CVE-2021-45884

Vulnerability

In Brave Desktop versions 1.17 through 1.33 before 1.33.106, the CNAME-based adblocking feature (also known as CNAME uncloaking) combined with a proxying extension (such as Proxy SwitchyOmega) configured with a SOCKS5 fallback causes additional DNS queries to be sent outside the proxy using the system's standard DNS settings. This is an incomplete fix for [CVE-2021-21323] and [CVE-2021-22916] [1]. The code path is reachable when both CNAME uncloaking is enabled (default) and a proxy extension with SOCKS fallback is active.

Exploitation

An attacker with network-level access to the victim's DNS traffic can observe DNS queries that should have been tunneled through the SOCKS proxy.

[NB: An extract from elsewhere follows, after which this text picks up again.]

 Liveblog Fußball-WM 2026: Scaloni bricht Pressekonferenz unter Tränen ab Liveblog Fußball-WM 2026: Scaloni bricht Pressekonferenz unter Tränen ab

The victim must be running a vulnerable Brave version with CNAME adblocking enabled and a proxying extension that has a SOCKS fallback configured. No authentication or user interaction beyond the initial browser/extension setup is required; the DNS leaks occur automatically when the browser resolves domain names for which CNAME cloaking is used by ad networks [1].

Impact

Successful exploitation leads to information disclosure: the attacker can see DNS query patterns revealing which domains the user visits, defeating the privacy protection that the SOCKS proxy was intended to provide [1][3]. This leaks metadata that could be used for user tracking or censorship bypass identification, although the actual HTTP/S traffic remains within the proxy tunnel.

Mitigation

The fix was released in Brave Desktop version 1.33.106 on or around the publication date [2]. The patch disables CNAME uncloaking when a proxy extension with a socks fallback is detected [1]. Users should update to the latest version of Brave. No workaround is available if the browser cannot be updated, as the vulnerability stems from the interaction of built-in features and extension functionality.